All rules for identifying outliers are arbitrary. For example, the standard deviation rule is sometimes given slightly differently; for example, outliers identified as observations more than 2.5 standard deviations away from the mean. Since all rules for identifying outliers are arbitrary, both rules are acceptable.
13.5.3 The IQR rule for identifying outliers
Since the standard deviation rule for identifying outliers relies on the mean and standard deviation, it is not appropriate for non-symmetric distributions. Another rule is needed for identifying outliers in these situations: the IQR rule.
Definition 13.13 (IQR rule for identifying outliers) The IQR rule identifies mild and extreme outliers as:
Extreme outliers: observations \(3\times \text{IQR}\) more unusual than \(Q_1\) or \(Q_3\).
Mild outliers: observations \(1.5\times \text{IQR}\) more unusual than \(Q_1\) or \(Q_3\) (that are not also extreme outliers).
This definition is much easier to understand using an example.
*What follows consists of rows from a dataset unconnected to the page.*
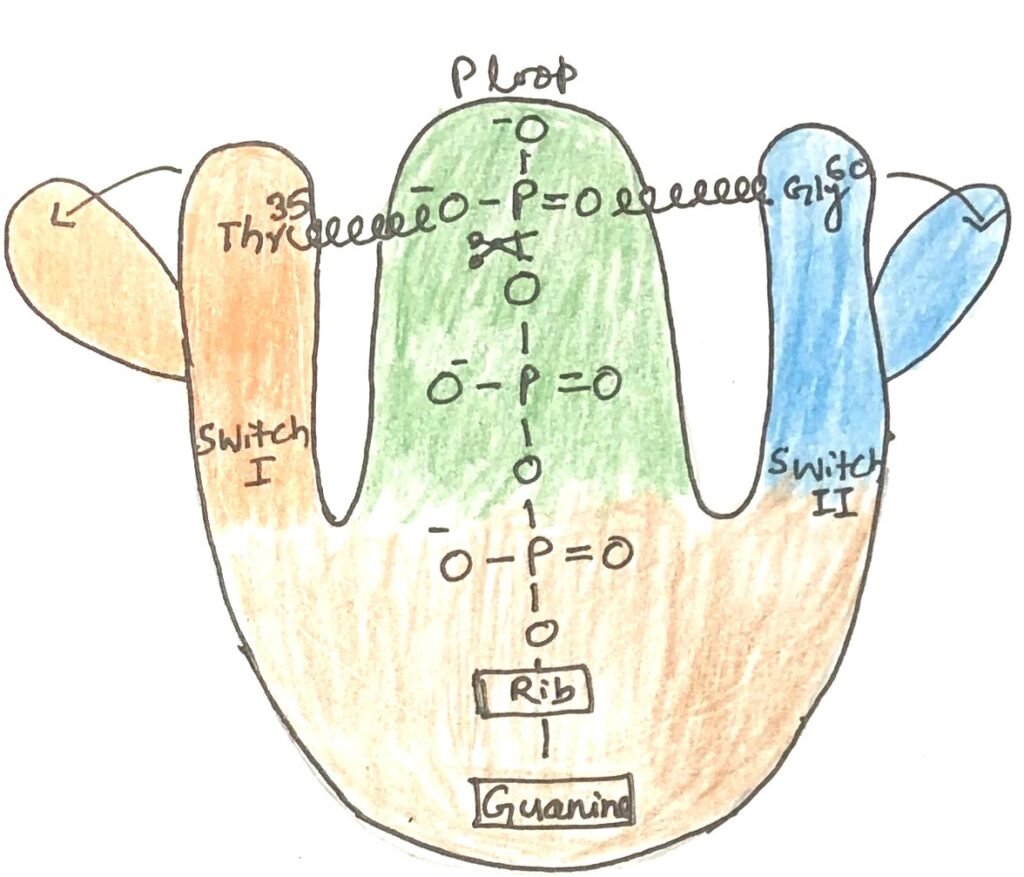 GTP hydrolysis by Ras and GAP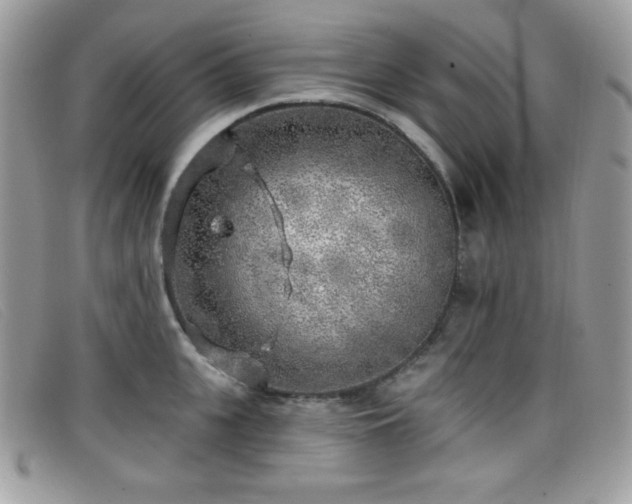 X0000099300951200805021228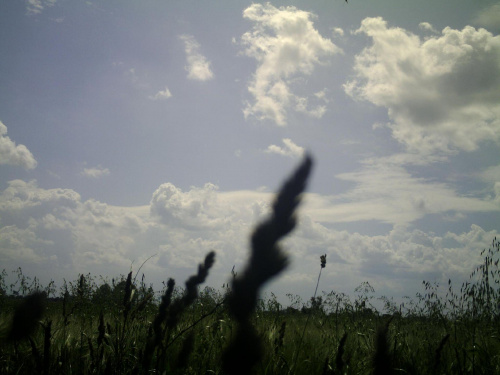 Lato 2009! #niebo #wieś #chmury
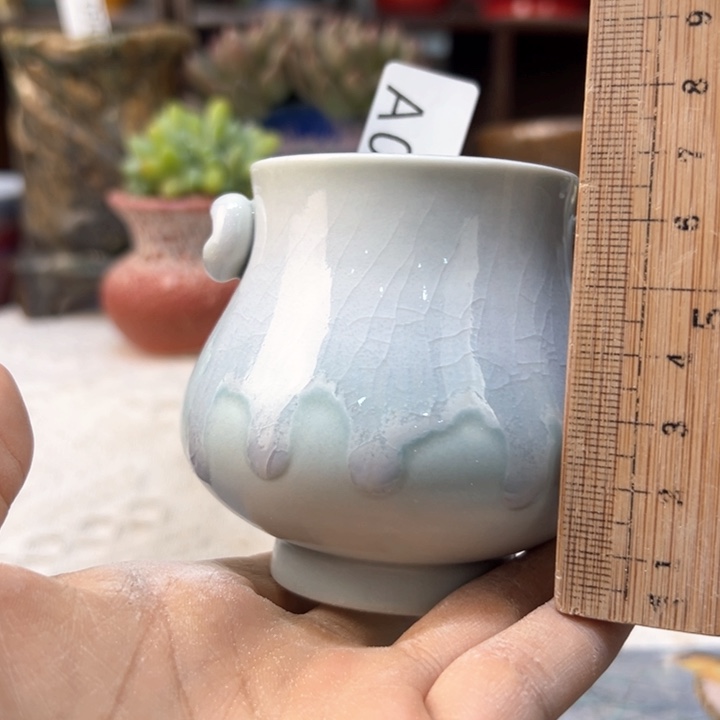 景德镇陶瓷研究所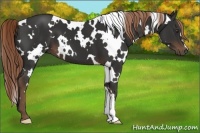 Horse Color:White Spotted Liver Chestnut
Example 13.10 (IQR rule for identifying outliers) An engineering project (Hald 1952) studied a new building material, to estimate the average permeability.
Measurements of permeability time (the time for water to permeate the sheets) were taken from 81 pieces of material (in seconds). For these data \(Q_1 = 24.7\) and \(Q_3 = 50.6\), so we find that \(\text{IQR} = {50.6 - 24.7 = 25.9}\). Then, extreme outliers observations are \(3\times 25.9 = 77.7\) more unusual than \(Q_1\) or \(Q_3\). That is, extreme outliers are observations:
- more unusual than \(24.7 - 77.7 = -53.0\) (that is, less than \(-53\)); or
- more unusual than \(50.6 + 77.7 = 128.3\) (that is, greater than \(128.3\)).
Mild outliers observations are \(1.5\times 25.9 = 38.9\) more unusual than \(Q_1\) or \(Q_3\) (that are not also extreme outliers). That is, mild outliers are
- more unusual than \(24.7 - 38.9 = -14.2\) (that is, less than \(-14.2\)); or
- more unusual than \(50.6 + 38.9 = 89.5\) (that is, greater than \(89.5\)).
You don’t need to do this (that’s what software is for), but you do need to understand what the software is doing. Construction of the boxplot is shown in the animation below.
13.5.4 When to use which rule?
In summary, two common ways to identify outliers are:
- For approximately symmetric distributions: use the standard deviation rule.
- For any distribution, but primarily for those skewed or with outliers: use the IQR rule.
But remember: All rules for identifying outliers are arbitrary!
Think 13.10 (Understanding data summaries) In an American study (Tager et al. 1979), the lung capacity (FEV) of youth aged 3 to 19 was measured. The data are slightly skewed right, and the average FEV is about 2.6 litres, The FEV varies from about 0.8 to 5.8 litres, with no outliers.
Using this information, sketch the boxplot and the histogram for the data.